As the parties have somewhere between nine (9) and fifteen (15) witnesses and given the wide discretion allotted to the trial court by law in how to "regulate the conduct of the trial in order to achieve a speedy and unprejudiced disposition of the matters at issue in a setting of proper decorum" (CPLR §4401), the court orders all parties to submit their direct testimony by affidavit.
The court notes respondents' counsel vociferous objection to this instruction, which was given orally, but is being reduced to an order for all purposes including possible appeal. Respondent argues that the court is ruling contrary to "decades of housing court precedent," that it is a denial of respondents' "day in court," and that the court has no specific statute empowering it to do so. The court finds none of these arguments compelling. First, arguing that housing court "has always operated" in such a fashion is not, in it of itself, a reason to continue outdated practices and/or to not evolve with the advent of technology and/or new methodologies. Further, various housing court judges over the course "of decades" have embraced this procedure, including recently, Hon. Michael Weisberg. In Johnson v. 300 Sullivan Place LLC, the court noted that this type of tool would help "ameliorate [the] problem" of delay and even improve the amount of communication winnowing the issues to focus the court and the parties on only the actually disputed issues (Johnson v. 300 Sullivan Place LLC, 2024 NY Slip Op 24133 [Civ Ct Kings County 2024]). Further, other lower-level trial courts have also used this mechanism to allow access to justice for all parties involved (Matter of S.N. v. J.A., 71 Misc 3d 1206[A][Fam Ct Bronx County 2021]). Since at least 1962, the Legislature has also explicitly authorized the courts to use innovative procedures where "necessary to carry into effect the powers and jurisdiction possessed by [the court]" which could include the use of direct testimony by affidavit (Judiciary Law §2-b). As such, the court finds that this order does not run counter to "decades" of precedence but rather is an extension of said precedent and hopefully represents an ushering of housing court to the level of practice that it deserves, commensurate with any federal or state court in the country.

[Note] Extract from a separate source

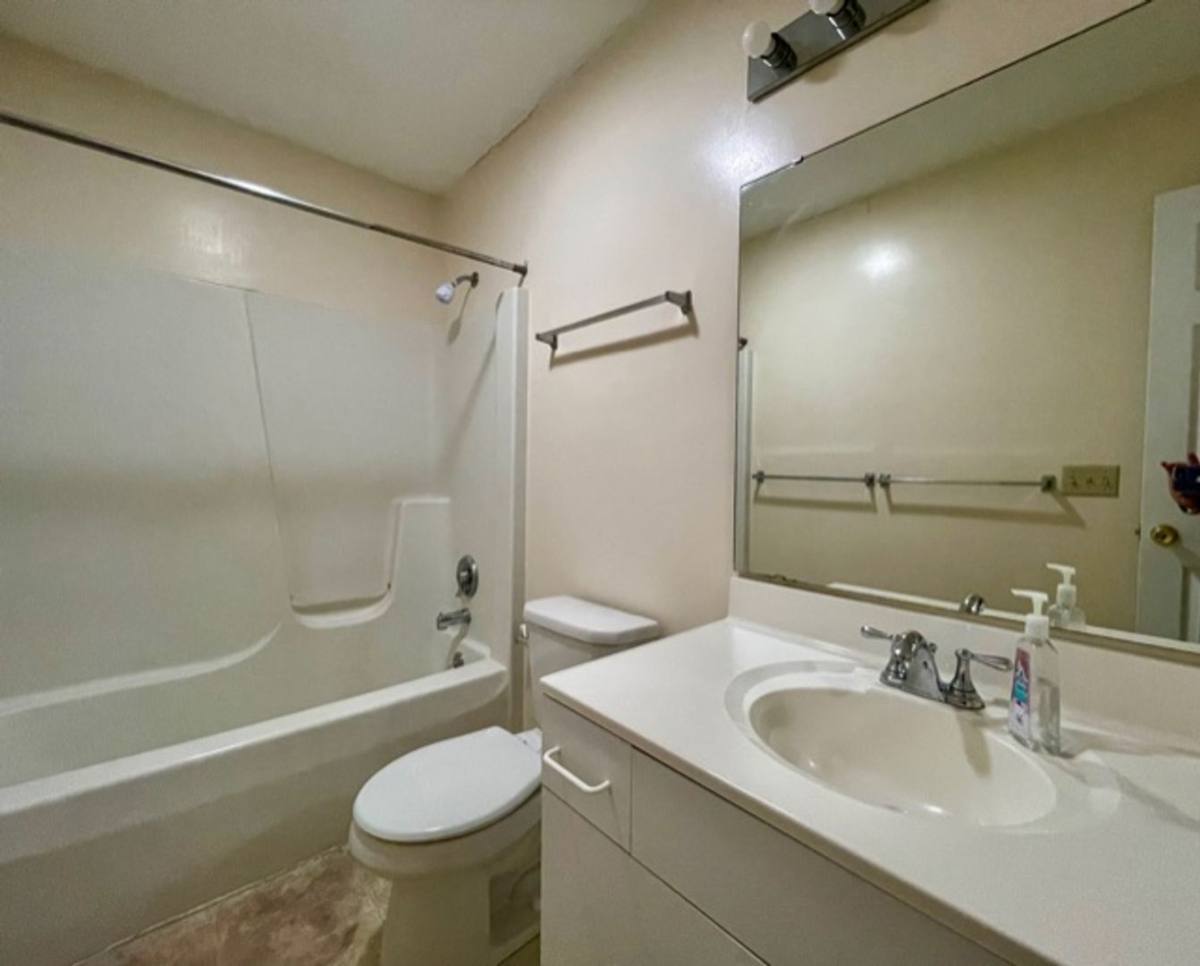 Apartment for rent at 1800 Middle Bellville Rd, Mansfield, OH 44904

Secondly, the court disagrees with respondents' contention that they would be denied their voice. While the term "day in court" is figurative and not literal, the court certainly does not intend to chill their testimony, in fact, the respondents are gaining the next five (5) and a half months to sharpen their direct testimony to a razor sharp point. Further, ordering both sides to do this the court contends that it is nothing more than an "evenhanded attempt towards focusing the proceedings on the relevant issues and clarifying facts material to the case in order to expedite the trial" (Revell v. Guido, 124 AD3d 1006 [3d Dept 2015]; Heilbrunn v. Town of Woodstock, 50 [*3]AD3d 1377 [3rd Dept 2008]). The court disagrees with the respondents' characterization of this requirement as chilling and, as such, discounts this opposition.

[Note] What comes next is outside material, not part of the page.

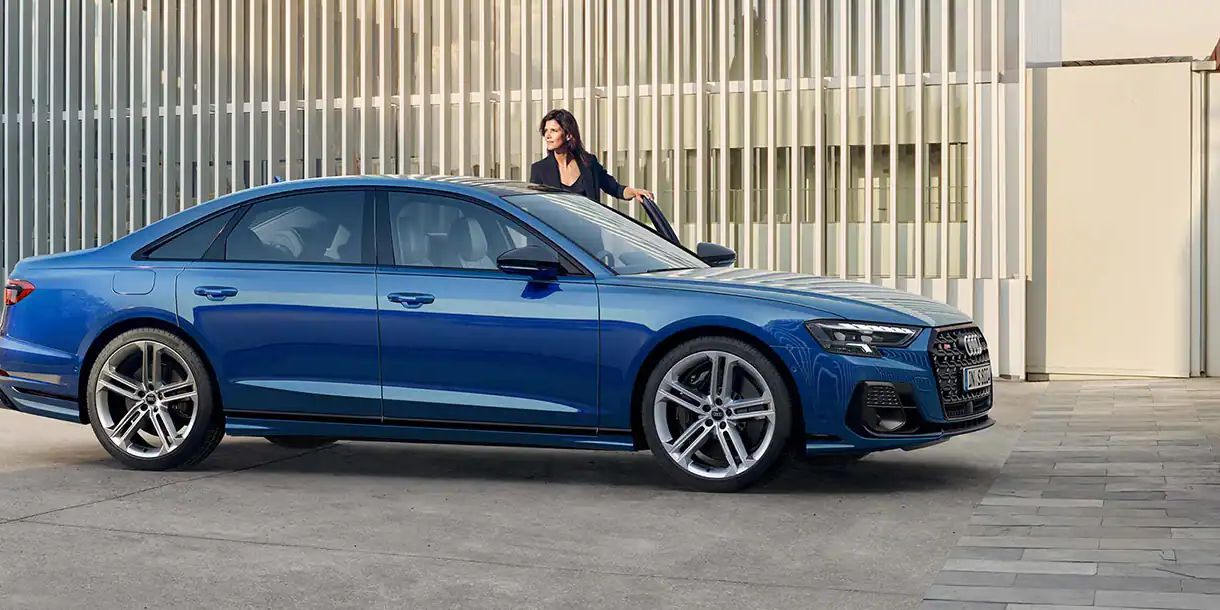 Audi S8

Lastly, the court finds CPLR §4401 empowers it as a trial court to allow it to structure trials however it sees fit. The court does find an analogue in the Uniform Civil Rules for the Supreme and County Court §202.20-i but is not depending on that as binding authority. Pursuant to this analogous rule, the petitioner, through counsel, has made the request that the parties submit their direct in this fashion, following the court's sua sponte instruction. The court also notes that this was amended in July 2022. If a court with smaller dockets within the same Unified Court System use this as a tool to expedite their trials, the housing court, which precariously balances itself on the precipice of summary proceedings against violations of the findings of the Report from the Special Adviser on Equal Justice in the New York State Courts prepared by Former Secretary Jeh Johnson [FN1] , could make much greater use of such a tool.

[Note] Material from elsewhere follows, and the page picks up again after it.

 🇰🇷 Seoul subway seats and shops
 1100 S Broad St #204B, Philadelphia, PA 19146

The format for these submissions are to mirror deposition transcripts — questions demarked by the letter Q and a number followed by answers demarked by the letter A and the respective number. At the end of the back-and-forth process outlined below, the court expects that the affiant and both attorneys will sign the direct testimony affidavit. The court notes that a signature by the opposing party is not an endorsement of the truth of the statements included within but rather only act as a procedural agreement that the document to be submitted is one that has been presented to the opposing party prior to submission, reserving their objections as outlined below. As all parties are required to do so, the parties must adhere to this schedule (but may request from the court extensions due to exigent circumstances):
Petitioner's counsel to present their witnesses' direct testimony for the remainder of their prima facie proceeding to respondents' counsel by November 15, 2024. Respondent to return objections and revisions by December 2, 2024. Petitioner's counsel to make any changes to the direct and send back to the respondents' counsel by December 13, 2024. At this point respondents' counsel may create a separate, sheet noting the question/answer number, marking their objections, which the court will rule on the day of trial, but should otherwise sign the direct affidavit and return to the petitioner for counter-signature and submission to the court.
During this time frame, as respondents have many more witnesses, the first draft of their witnesses' direct testimony will be presented to respondents' counsel by January 31, 2025, including the alleged expert. Petitioner to return objections by February 21, 2025. Respondents to make any amendments by March 7, 2025 and return to petitioner. Petitioner, at this point, may create a separate sheet, noting the question/answer number, marking their objections, which the court will rule on the day of trial, but should otherwise sign the direct affidavit and return to the respondents for counter-signature and submission to the court.
With regard to rebuttal, petitioner should use the time frame between their first receipt of the proposed direct testimony to start their rebuttal direct testimony, which should be sent as a first draft to the respondents' counsel by February 28, 2025. Revisions are to be returned to petitioner's counsel by March 14, 2025. Any changes made should be returned to respondents' counsel by March 20, 2025. At which point, respondents may create a separate sheet, noting the question/answer number, marking their objections, which the court will rule on the day of trial, but should otherwise sign the direct affidavit and return to petitioner for counter-signature and [*4]submission to the court no later than March 23, 2025.
The petitioner made three applications following the court's instructions: First, the amendment of the petition to date, second, that they be afforded an opportunity to respond to the respondent's experts and, lastly, that access be provided to the premises to commence efforts at repairing Department of Housing Preservation and Development (DHPD) violations issued recently. The court will hold the first in abeyance until the time of trial, the second is granted and the third is outside of the court's jurisdictional capacity at this point, but the court notes that the respondents were unwilling to provide access prior to a meeting date that was tentatively set on November 18, 2024. Petitioner's counsel remarked in passing that the petitioner may choose not to engage in this meeting for what appeared to be leverage reasons.
Both parties are under an on-going obligation that if either party should file an appeal of this order and a stay is granted, then the parties should inform the court.